Точность Резо не вызывает сомнений, ибо он своими ногами промерил
расстояние — от грузинского монастыря в Иерусалиме до Храма Гроба
Господня. (Думаю, это было в пору работы над фильмом «Паспорт».) Но душа
тбилисца — загадка: почему популярнейшее в городе место, площадь,
поименованная в честь национального гения, автора бессмертного «Витязя»,
для всех остается «Земмелем», то есть называется именем аптекаря,
некогда платившего кондукторам конки за объявление: «Аптека Земмеля!»
Прогулка: запад-восток
У Земмеля мы переходим на другую — четную сторону проспекта, чтобы пройти обратный путь.
Эта
сторона заметно многолюднее, что объясняется не только обилием
магазинов, кафе и ресторанов, но и тенью могучих платанов, укрывающих
широкий тротуар.
Напротив
дома Мелик-Азарянца, пытаясь затмить его, стоит помпезное здание (арх.
К. Чхеидзе и М. Чхиквадзе, 1953 год) с красивой низкой колоннадой в
итальянском стиле и торжественной угловой башней, придающей сходство со
знаменитой Стокгольмской ратушей.
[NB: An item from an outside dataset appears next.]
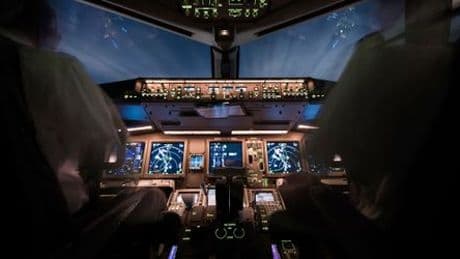 Air-India-Absturz: Müssen Piloten künftig videoüberwacht werden?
Здесь располагаются президиум Академии
наук Грузии и Союз кинематографистов. Последнему обязан названием
ресторан в торце «Потерянный рай» — так называлась популярнейшая некогда
кинокомедия. В оформлении ресторана использованы бутафория и муляжи из
знаменитых грузинских фильмов, в том числе арба, летающая при помощи
самогонного аппарата, придуманная Р. Габриадзе и воплощенная Э. Шенгелая
(фильм «Чудаки»). Цены в «Раю» более чем умеренные — владелец ресторана
понимает сегодняшние трудности кинематографической братии. К тому же
поблизости обосновался «Макдоналдс» — бойкий конкурент с яркой витриной и
вездесущей рекламой.
Там, где от проспекта ответвляется улица
Грибоедова, много лет располагался шахматный клуб. Ничем не
примечательное здание интересно тем, что с ним связан взлет женских
шахмат в Грузии — почти четверть века грузинки Нонна Гаприндашвили и
Майя Чибурданидзе безраздельно царствовали на мировом троне. Но когда— в
связи с триумфами — возвели Дворец шахмат, пришла в упадок игра.
Примерно то же случилось с футболом: стадион в Дидубе не вмещал
болельщиков блистательного «Динамо» эпохи Пайчадзе, Месхи и Кипиани,
когда же вместимость стадиона утроили, не на что стало смотреть.
Модный
в тридцатых годах конструктивизм оставил след и в Тбилиси: на проспекте
Руставели в этом стиле построен издательский комплекс, заселенный
редакциями и типографиями. В последние годы, потеснившись, он вместил
еще и маленькую гостиницу «Мерани» — полтора десятка удобных номеров и
отличный бар.
Не доходя до издательского комплекса, рекомендую
заглянуть в ресторан «Марко Поло» — полюбоваться интерьерами и отведать
знаменитой грузинской кухни. Ужин на двоих здесь обойдется долларов в
тридцать—сорок.
Превосходная роспись на стенах воспроизводит
сюжеты из книги неутомимого венецианца. В XIII веке Марко Поло побывал в
Тбилиси, и владелец ресторана счел его слова заслуживающими благодарной
памяти: «Грузины красивы, мужественны, отменные стрелки и бойцы в
сражениях», — читаем у Марко Поло, а Рамузио добавляет: «Тифлис
прекрасный город; кругом много замков и деревень». Что ж, средневековые
путешественники отзывались о нас доброжелательнее нынешних борзописцев.
Два
слова о застолье: если в духанах старого Тбилиси по-прежнему бражничают
компании эпиков, соблюдающие традиционный ритуал, то в «Марко Поло»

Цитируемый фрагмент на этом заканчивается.